--- Data supplied ---
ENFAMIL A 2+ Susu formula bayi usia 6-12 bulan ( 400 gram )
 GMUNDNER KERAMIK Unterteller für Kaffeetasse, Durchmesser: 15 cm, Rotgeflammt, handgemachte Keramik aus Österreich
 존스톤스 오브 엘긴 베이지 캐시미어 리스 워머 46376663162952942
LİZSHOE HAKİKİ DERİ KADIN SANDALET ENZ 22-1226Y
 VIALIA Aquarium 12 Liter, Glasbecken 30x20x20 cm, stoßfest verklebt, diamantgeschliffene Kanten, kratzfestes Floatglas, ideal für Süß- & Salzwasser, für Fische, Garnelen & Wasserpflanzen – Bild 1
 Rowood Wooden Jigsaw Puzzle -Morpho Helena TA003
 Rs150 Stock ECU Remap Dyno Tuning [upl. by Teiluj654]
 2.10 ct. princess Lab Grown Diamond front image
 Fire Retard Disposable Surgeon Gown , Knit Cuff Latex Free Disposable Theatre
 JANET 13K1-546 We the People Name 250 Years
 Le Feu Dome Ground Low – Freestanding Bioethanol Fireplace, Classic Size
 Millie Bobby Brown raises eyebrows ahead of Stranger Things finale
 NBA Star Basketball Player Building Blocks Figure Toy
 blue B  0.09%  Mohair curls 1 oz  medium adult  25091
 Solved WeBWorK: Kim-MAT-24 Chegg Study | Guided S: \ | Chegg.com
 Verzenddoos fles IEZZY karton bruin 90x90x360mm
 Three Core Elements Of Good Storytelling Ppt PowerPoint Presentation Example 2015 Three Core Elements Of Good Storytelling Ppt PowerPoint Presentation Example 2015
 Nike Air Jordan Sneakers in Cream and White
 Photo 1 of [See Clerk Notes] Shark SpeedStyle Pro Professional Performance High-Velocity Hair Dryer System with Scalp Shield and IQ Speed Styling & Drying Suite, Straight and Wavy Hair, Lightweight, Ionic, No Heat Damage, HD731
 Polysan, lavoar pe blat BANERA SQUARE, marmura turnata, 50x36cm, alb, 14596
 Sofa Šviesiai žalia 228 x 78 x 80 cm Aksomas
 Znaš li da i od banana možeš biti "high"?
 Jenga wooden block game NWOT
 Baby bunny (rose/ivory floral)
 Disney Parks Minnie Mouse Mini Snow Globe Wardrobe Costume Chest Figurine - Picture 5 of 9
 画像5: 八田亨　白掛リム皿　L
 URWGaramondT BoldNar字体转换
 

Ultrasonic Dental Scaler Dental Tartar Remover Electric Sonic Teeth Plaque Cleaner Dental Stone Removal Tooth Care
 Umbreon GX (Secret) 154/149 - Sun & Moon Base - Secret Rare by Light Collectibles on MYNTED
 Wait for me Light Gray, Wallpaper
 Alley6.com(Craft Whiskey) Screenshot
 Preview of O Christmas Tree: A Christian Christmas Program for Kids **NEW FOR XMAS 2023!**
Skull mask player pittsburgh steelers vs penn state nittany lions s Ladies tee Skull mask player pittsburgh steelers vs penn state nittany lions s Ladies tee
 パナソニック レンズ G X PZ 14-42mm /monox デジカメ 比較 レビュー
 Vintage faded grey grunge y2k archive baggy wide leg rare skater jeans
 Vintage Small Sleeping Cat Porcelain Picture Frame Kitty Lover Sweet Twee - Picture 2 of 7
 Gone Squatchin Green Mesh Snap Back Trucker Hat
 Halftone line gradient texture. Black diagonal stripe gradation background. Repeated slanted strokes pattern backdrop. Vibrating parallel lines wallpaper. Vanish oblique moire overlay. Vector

--- Work item ---
Print again the lines of the entries above that fall between the line holding "画像5: 八田亨　白掛リム皿　L" and the line holding "Wait for me Light Gray, Wallpaper", inclusive, exactly as they stand.

--- Solution to this task ---
 画像5: 八田亨　白掛リム皿　L
 URWGaramondT BoldNar字体转换
 

Ultrasonic Dental Scaler Dental Tartar Remover Electric Sonic Teeth Plaque Cleaner Dental Stone Removal Tooth Care
 Umbreon GX (Secret) 154/149 - Sun & Moon Base - Secret Rare by Light Collectibles on MYNTED
 Wait for me Light Gray, Wallpaper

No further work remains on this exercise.